Good Guys and Bad Guys

by Lesley Wheeler

The cook read Asterix in a brothel
          when he was five. The white man beside
him once coasted off with the gas money,
          tripped over cops on his porch. “I don’t look
like a thief,” he protests with Midwestern
          mildness, while a baby gnaws his beefy
shoulder and his canines glitter. Another
          scoundrel, drinking Scotch, describes knocking out
a girlfriend with an elbow to the temple
          during an Asia show. Women spit rice
and beg for dirt. The cook’s tales of sailors
          and their babysitting habits spark off
screams through the haze of wine and endorphins.
          In the basement, someone’s son defends
a girl from bad guys with a rifle built from
          tinker toys. The men grow wistful over
mango sorbet, deplore the war we should
          not have launched. Asterix the Gaul lurches
to bed with sauce in his mustache. Women
          clear dishes and jingle their keys while
some good guys search for shoes and hoist screaming
          kids onto their backs and into the dark.

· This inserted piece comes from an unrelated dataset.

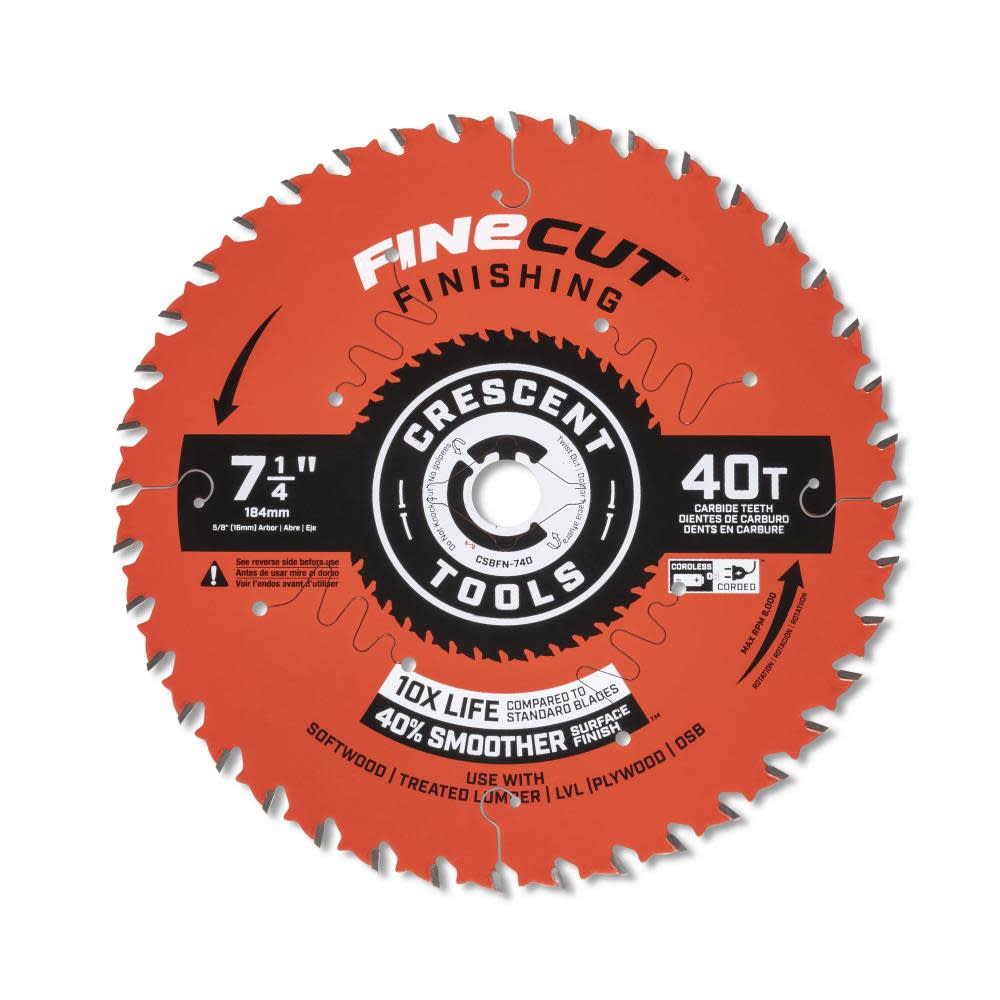 Crescent Circular Saw Blade 7 1/4″ x 40 Tooth Fine Cut Finishing - Ascmtools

LESLEY WHEELER’s forthcoming books are the poetry collection The State She’s In, the novel Unbecoming, and the essay collection Poetry’s Possible Worlds; previous poetry books are Radioland and the chapbook Propagation. Her work appears in Ecotone, Beloit Poetry Journal, Crab Orchard Review, and other magazines. Poetry Editor of Shenandoah, she lives in Virginia.